I assume that when you write opposite sex, you are really meaning sexually compatible, correct?
My closest friends can be summed into two girls and six guys. Out of those there are only two that I've felt really attracted to and actually wanted to sleep with. That would be two straight men. The two not-that-close-but still-good-friends bisexual guys I know? No such feelings and one is pretty good looking to boot. Bisexual, good looking guy, no relationship. I don't see any major obstacle and I'm still not jumping into his pants. Sadly I can't prove any of this but don't take shit for granted.
I looked into my heart, I know that it is in fact NOT true.
Well, yes and no. I don't see any reason it wouldn't be applied to gay and lesbians, but that is a very different situation, at the same time.
So, I'm assuming that you are gay. Correct?
If so, look at your female friends. No issue there, right? But you're established as off limits. Proving part of my point.

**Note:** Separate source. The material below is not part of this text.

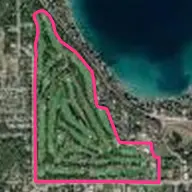 Whitefish Lake Golf Club - North Course Whitefish Lake Golf Club - North Course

As for the men, are you saying that the two straight men are the ones you have ever really felt attracted to? That's how I'm reading it. And that proves the point. There IS an obstacle there. The fact that they are only attracted to women. I'm sure that as a person in your situation, you can just kind of accept that. I accept it all the time when girls I know are in relationships, or lesbians, or whatever. In fact, I can be friends with them with no strings attached. I might think to myself that they are cute, but have no issue being friends (no guarantee that is a mutual understanding I have found a few times, fueling my belief). I'm certain this is a similar feeling/situation.
As for the bisexual friends. You say you're not that close. And that can be a part of it right there. The last girl I dated we actually started as friends. Pretty good friends, too. Hell, we went out together as friends and it became a date. To be fair, I think we both knew it might happen that way and were lying to ourselves and each other that we were just going out as friends.

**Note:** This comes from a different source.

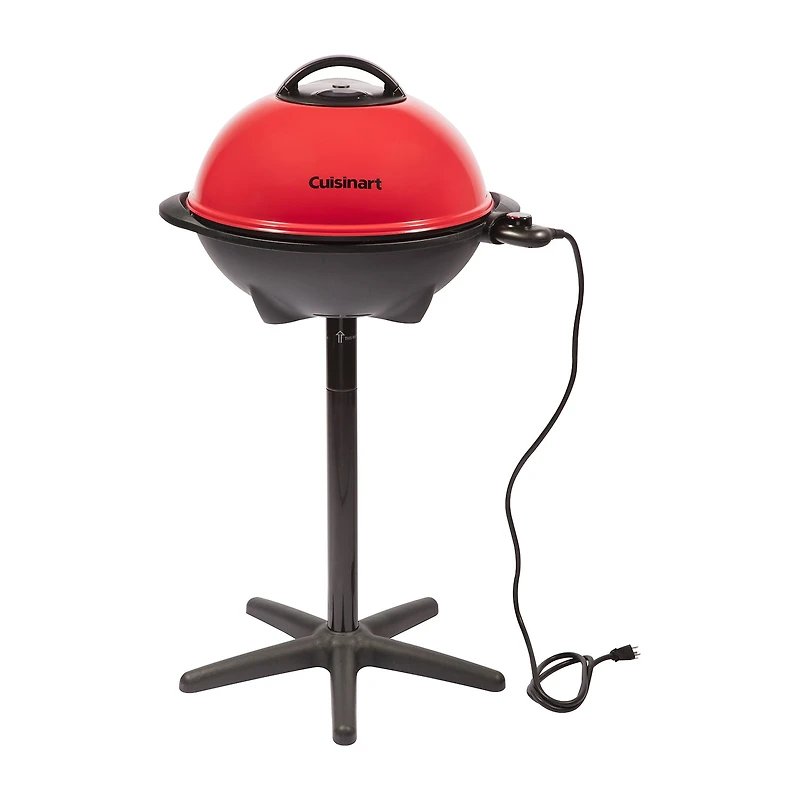 Cuisinart Outdoors Electric Grill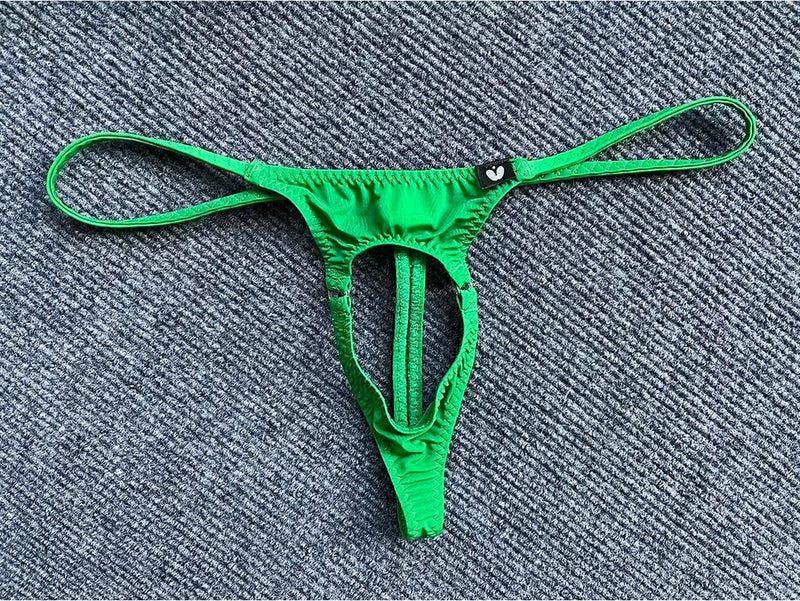Cruising String – Minimalist Gay Thongs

Here's the thing. I must admit, that I am not really sure about bisexual men. I've heard that bisexual women tend to be of the thought that they like to have
fun with women, but want to marry men. As such, lesbians don't really like bisexual women too much. Is there a similar issue with bisexual men? If so, there's your obstacle. You obviously see it subconsciously if nothing else. On the same frame of mind, you might (even subconsciously) think that he prefers women, causing the same issue.
Otherwise, I'm at a loss. But I'm not prone to dismissing something I've seen with my own eyes countless times. It could just be a man and woman issue, in that case.
Note: I was trying to write this in a respectful manner. If anything I said offended you, that was not the intention. Not sure why it would, but I like to cover all my bases when I feel there MIGHT be an issue. Honestly, I have very little personal experience with gay men. Actually, the last time I talked to one, he was trying to pick me up... Apparently, the people I was with (both male and female) were so desperate for alcohol that we walked into a gay bar without knowing it. Long story.